TASK OBJECTIVE. Give back an exact copy of the lines in the records below, from the line that has "Essenza Dekbedovertrek Minte Terracotta" through the line that has "Valla de husillo", and nothing besides.

RECORDS SUPPLIED.
----

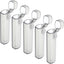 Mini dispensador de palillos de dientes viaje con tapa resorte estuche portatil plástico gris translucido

----

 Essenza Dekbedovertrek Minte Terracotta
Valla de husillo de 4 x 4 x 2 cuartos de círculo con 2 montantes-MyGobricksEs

----

RESPONSE BOX.
 Essenza Dekbedovertrek Minte Terracotta
Valla de husillo de 4 x 4 x 2 cuartos de círculo con 2 montantes-MyGobricksEs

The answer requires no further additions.